多くの企業が抱えるビジネス課題を解決してきた統合基幹業務システム「SAP ERP」は、長年に渡り世界No.1のシェアを守り続け、日本国内でも約2,000社が導入しているといわれています。

日本のみならず世界中の企業がSAPを活用して日々の業務を行っていますが、SAPユーザー企業が直面しているのが、SAP2025年(2027年)問題です。

今現在SAPを利用しているすべての企業が直面する問題です。早め早めに対策を練り、自社に適した選択肢を選べるようにしておきましょう。

目次[非表示]

  1. 1.SAP2025年(2027年)問題とは
    1. 1.1.肥大化するシステムと失われていくリアルタイム性
    2. 1.2.リアルタイム性を追求したSAP S/4 HANAのリリース
  2. 2.SAP2027年問題で企業が取るべき2つの選択肢
    1. 2.1.1. SAP ERPの利用を継続する
    2. 2.2.2. 他ERP製品への刷新
  3. 3.SAP S/4 HANAへ移行するメリット
    1. 3.1.ゼロレスポンスタイムの実現
    2. 3.2.情報をスピーディに調達できる
  4. 4.まとめ

SAP2025年(2027年)問題とは

SAP2025年問題とは、SAP社が展開するシステムERPソフトウェアの2025年保守サポート終了通告を指す呼称です。日本国内だけでもSAPユーザー企業は約2,000社といわれている中、ERP製品は企業のビジネスを根底から支えるIT基盤のため、その影響度は計り知れません。

これまでは保守期限が2025年だったことからSAP2025年問題と呼ばれてきましたが、ドイツ時間2020年2月4日、欧州SAPがSAP ERPの保守期限を「2025年末から2027年末へ変更する」と発表。実質2年間の延長になりましたが、プラス2年間で解決できるかは依然として課題であり、呼び名が「SAP2027年問題」に置き換わるのみではないかとも推測できます。

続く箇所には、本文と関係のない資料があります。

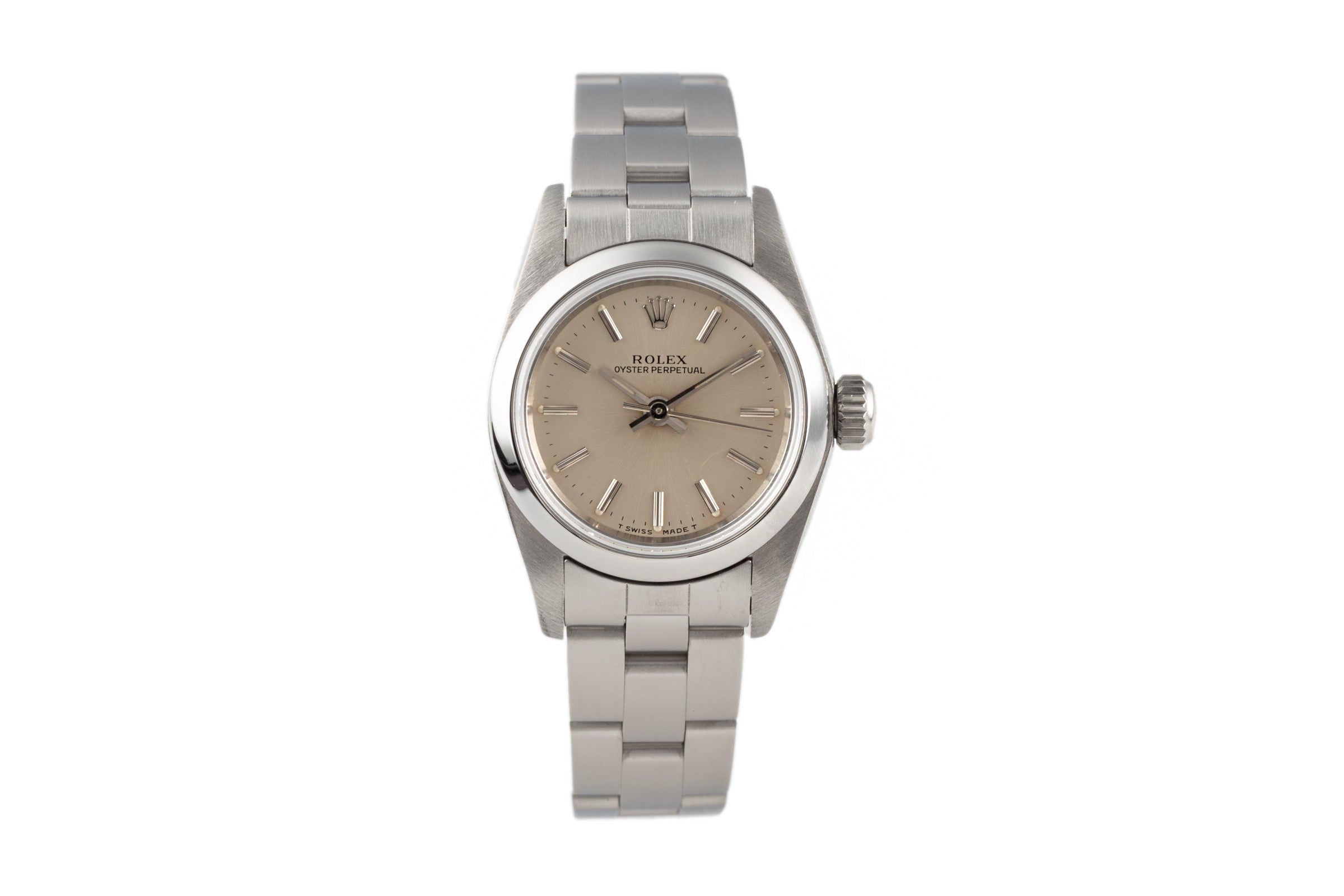 Rolex Oyster Perpetual acero automático reloj para damas  67180  [2203021]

しかしなぜ、SAPはERPの保守期限を2027年に終了すると決断したのでしょうか。その背景について以下の項目で解説します。


肥大化するシステムと失われていくリアルタイム性

SAP ERPは統合基幹業務システムソフトウェアとして長年市場を引っ張ってきましたが、その裏側には、リアルタイム性の実現が困難になってきたという課題もありました。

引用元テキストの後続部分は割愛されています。